• **WHAT THIS TASK INVOLVES**
The output should be all lines of the entries below in which the word "Black" occurs.

[Source data]
============
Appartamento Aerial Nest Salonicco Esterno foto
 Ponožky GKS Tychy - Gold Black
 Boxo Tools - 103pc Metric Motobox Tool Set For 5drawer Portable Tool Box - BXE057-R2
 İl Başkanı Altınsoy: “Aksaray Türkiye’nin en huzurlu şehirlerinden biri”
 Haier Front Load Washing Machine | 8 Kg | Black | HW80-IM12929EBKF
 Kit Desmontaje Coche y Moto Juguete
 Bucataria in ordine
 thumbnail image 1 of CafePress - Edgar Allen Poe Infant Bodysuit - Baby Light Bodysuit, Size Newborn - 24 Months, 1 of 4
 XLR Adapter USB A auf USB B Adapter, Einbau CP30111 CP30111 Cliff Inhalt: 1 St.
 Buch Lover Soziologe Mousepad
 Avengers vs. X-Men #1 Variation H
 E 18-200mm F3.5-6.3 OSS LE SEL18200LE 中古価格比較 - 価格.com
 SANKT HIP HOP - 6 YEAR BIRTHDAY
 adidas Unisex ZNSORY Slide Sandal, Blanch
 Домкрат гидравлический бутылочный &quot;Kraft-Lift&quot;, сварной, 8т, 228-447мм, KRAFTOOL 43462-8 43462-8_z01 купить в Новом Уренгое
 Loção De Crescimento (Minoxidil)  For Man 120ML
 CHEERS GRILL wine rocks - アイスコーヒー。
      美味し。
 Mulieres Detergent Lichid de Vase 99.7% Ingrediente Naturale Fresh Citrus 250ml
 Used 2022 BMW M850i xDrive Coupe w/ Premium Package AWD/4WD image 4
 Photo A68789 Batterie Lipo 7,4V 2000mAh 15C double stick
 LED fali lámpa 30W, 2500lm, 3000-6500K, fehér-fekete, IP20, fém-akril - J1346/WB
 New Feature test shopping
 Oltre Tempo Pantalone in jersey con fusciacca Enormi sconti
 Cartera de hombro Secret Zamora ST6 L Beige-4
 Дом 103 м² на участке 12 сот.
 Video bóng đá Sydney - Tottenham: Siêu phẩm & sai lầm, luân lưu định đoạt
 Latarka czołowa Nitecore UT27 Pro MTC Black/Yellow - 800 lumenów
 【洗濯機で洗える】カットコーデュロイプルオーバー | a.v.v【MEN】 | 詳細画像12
============
• **ANSWER SPACE**
 Ponožky GKS Tychy - Gold Black
 Haier Front Load Washing Machine | 8 Kg | Black | HW80-IM12929EBKF
 Latarka czołowa Nitecore UT27 Pro MTC Black/Yellow - 800 lumenów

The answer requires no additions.